> _TASK REQUIREMENTS_
Reproduce only this stretch of the listing below: from the line with "a pool with" through the line with "Venice, 1982. American", exactly as written, with pictures excluded.

(RECORDED INFORMATION)

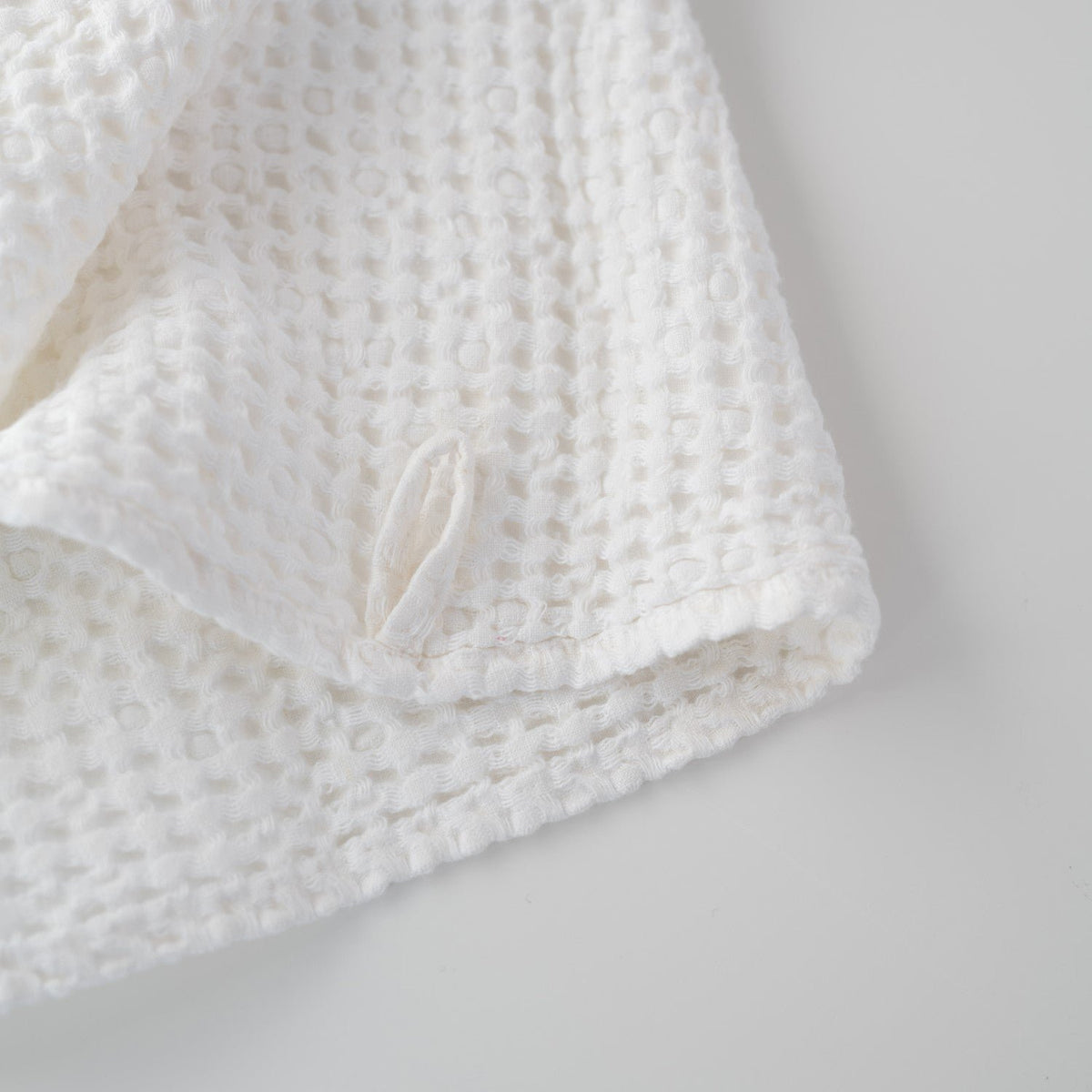 3. Close-up of white honeycomb waffle towel corner with hanging loop detail
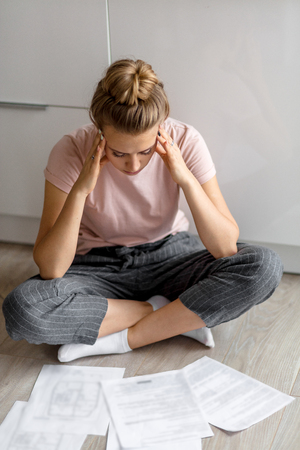young female student trying to learn information.の写真素材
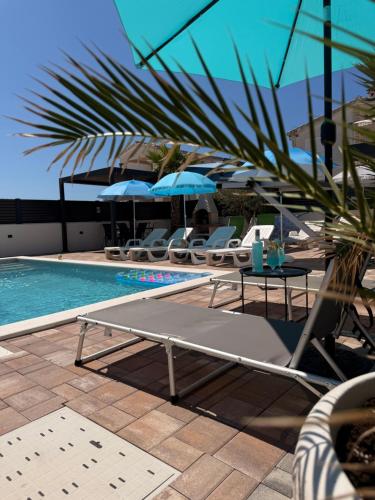 a pool with lounge chairs and a table next to a pool at Luxury Blue Sky in Vir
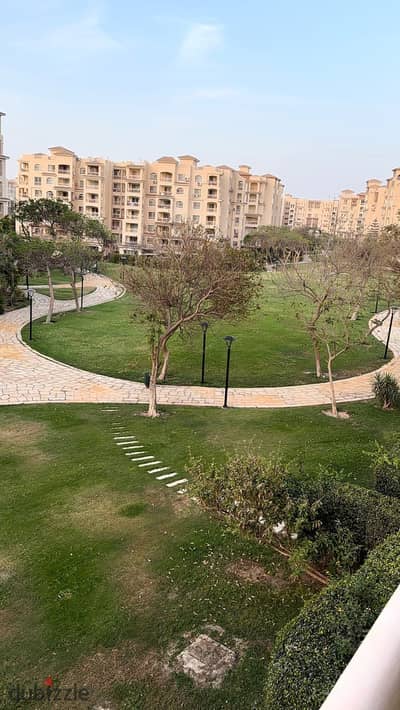 In my city, B2 apartment 107 square meters, garden view, high-quality finishing, footsteps from Open Air Mall, fully paid.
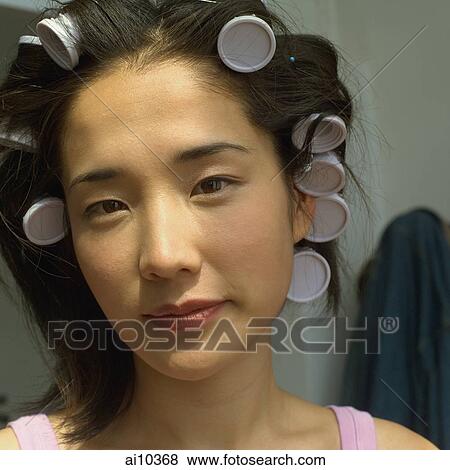 Young woman with curlers in hair, portrait View Large Photo Image Stock Photo - Young woman with curlers in hair, portrait. Fotosearch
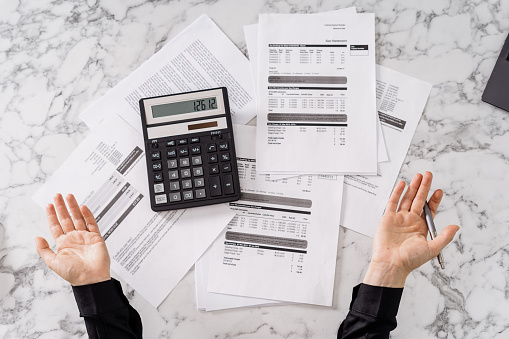 Cropped shot of person surprised by cost of monthly bills, cant believe how expensive it is, shocked after calculating all invoices, showing it with gesture while holding pen. Top view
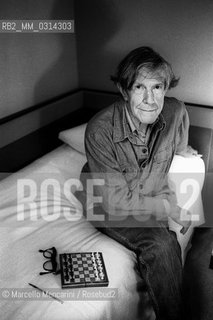 Venice, 1982. American composer John Cage sitting on the bed with a chessboard in his hotel room  / Venezia, 1982. Il compositore John Cage seduto sul letto con una scacchiera nella sua stanza dalbergo - ©Marcello Mencarini/Rosebud2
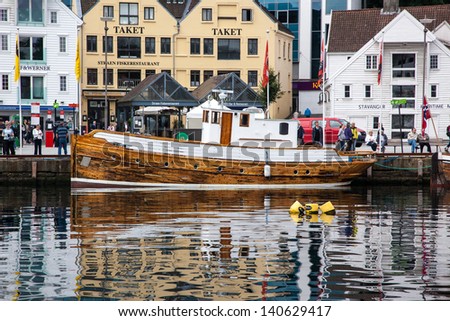 STAVANGER, NORWAY - AUGUST 11: Guest harbour with old-style houses on August 11, 2012 in Stavanger, Norway. Stavanger is Norway\'s fourth largest city, and is called the petroleum Capital of Norway.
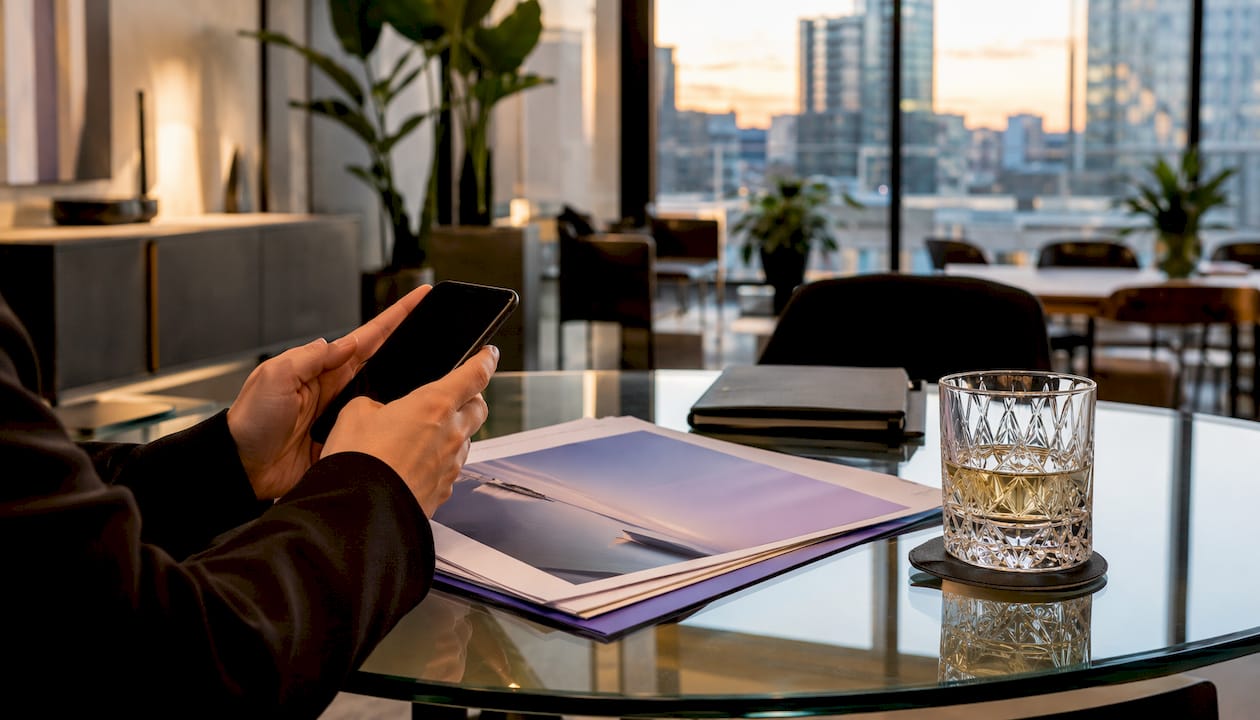 Hands holding phone over marketing reports in agency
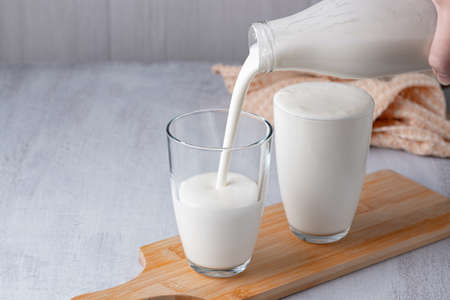 Pouring homemade kefir, buttermilk or yogurt with probiotics. Yogurt flowing from glass bottle on light background. Probiotic cold fermented dairy drink. Trendy food and drink. Copy spaceの写真素材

(End RECORDED INFORMATION)

> _RESULT OF THIS TASK_
 a pool with lounge chairs and a table next to a pool at Luxury Blue Sky in Vir
 In my city, B2 apartment 107 square meters, garden view, high-quality finishing, footsteps from Open Air Mall, fully paid.
 Young woman with curlers in hair, portrait View Large Photo Image Stock Photo - Young woman with curlers in hair, portrait. Fotosearch
 Cropped shot of person surprised by cost of monthly bills, cant believe how expensive it is, shocked after calculating all invoices, showing it with gesture while holding pen. Top view
 Venice, 1982. American composer John Cage sitting on the bed with a chessboard in his hotel room  / Venezia, 1982. Il compositore John Cage seduto sul letto con una scacchiera nella sua stanza dalbergo - ©Marcello Mencarini/Rosebud2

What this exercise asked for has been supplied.